▶ [EXERCISE]:
Please give the listing again in full, leaving out its images.

▶ [THE DATA]:
-------

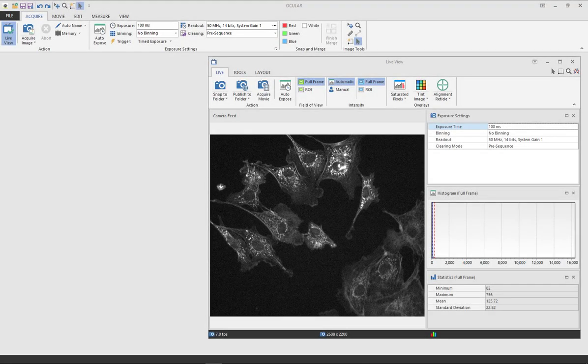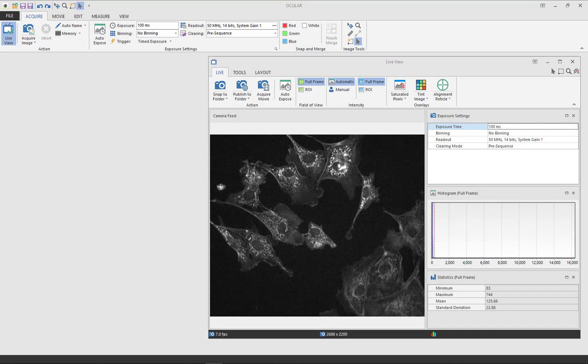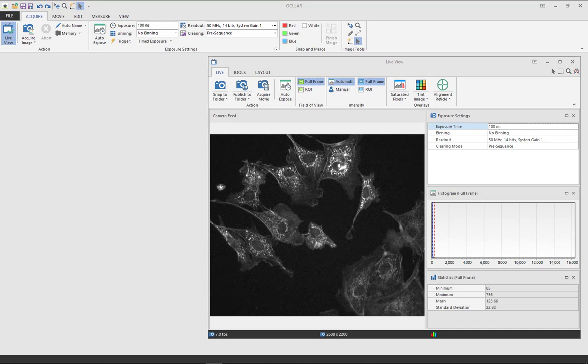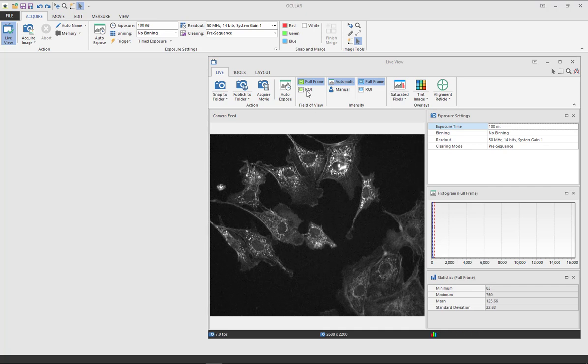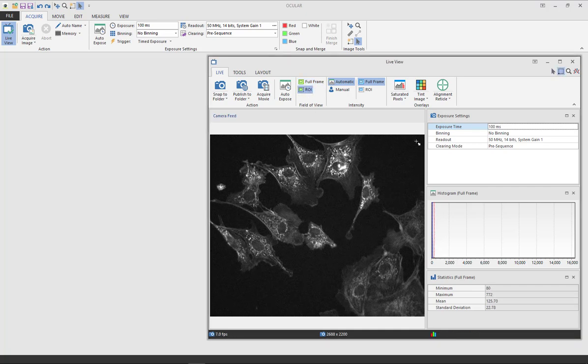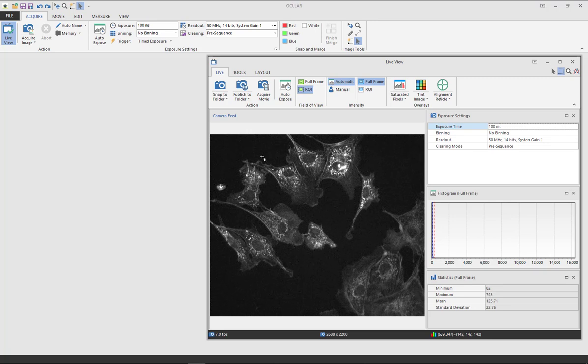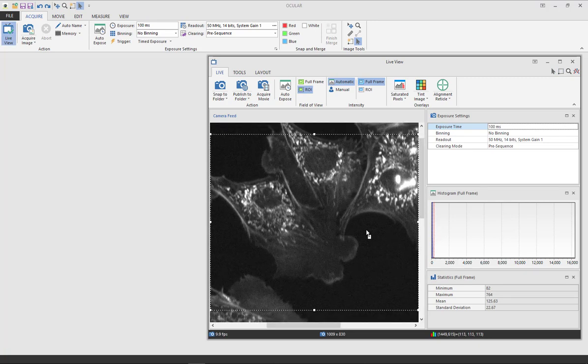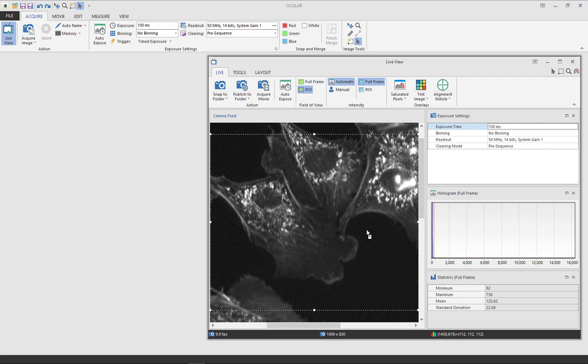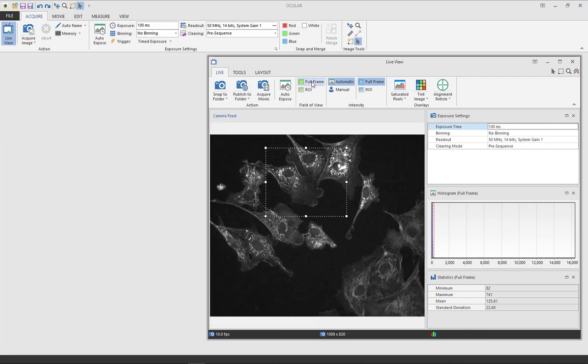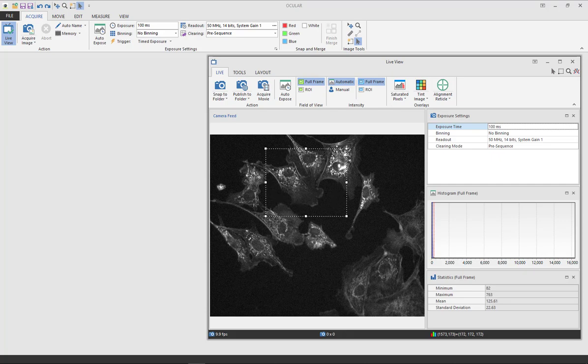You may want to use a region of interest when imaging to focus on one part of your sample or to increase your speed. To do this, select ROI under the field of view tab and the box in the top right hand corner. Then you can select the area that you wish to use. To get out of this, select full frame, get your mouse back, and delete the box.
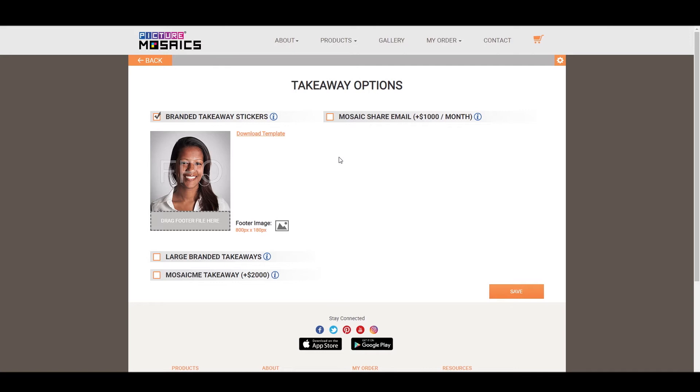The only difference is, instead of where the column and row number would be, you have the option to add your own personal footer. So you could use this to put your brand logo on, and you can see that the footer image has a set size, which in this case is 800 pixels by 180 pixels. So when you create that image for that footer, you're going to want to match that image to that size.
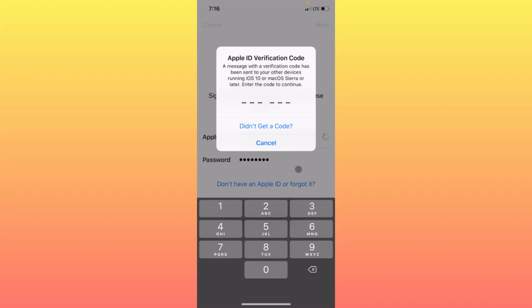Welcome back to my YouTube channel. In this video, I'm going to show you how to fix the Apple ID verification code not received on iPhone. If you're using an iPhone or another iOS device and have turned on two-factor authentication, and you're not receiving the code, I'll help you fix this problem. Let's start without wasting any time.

-------

▶ [SOLUTION FOR THIS EXERCISE]:
You may want to use a region of interest when imaging to focus on one part of your sample or to increase your speed. To do this, select ROI under the field of view tab and the box in the top right hand corner. Then you can select the area that you wish to use. To get out of this, select full frame, get your mouse back, and delete the box.
The only difference is, instead of where the column and row number would be, you have the option to add your own personal footer. So you could use this to put your brand logo on, and you can see that the footer image has a set size, which in this case is 800 pixels by 180 pixels. So when you create that image for that footer, you're going to want to match that image to that size.
Welcome back to my YouTube channel. In this video, I'm going to show you how to fix the Apple ID verification code not received on iPhone. If you're using an iPhone or another iOS device and have turned on two-factor authentication, and you're not receiving the code, I'll help you fix this problem. Let's start without wasting any time.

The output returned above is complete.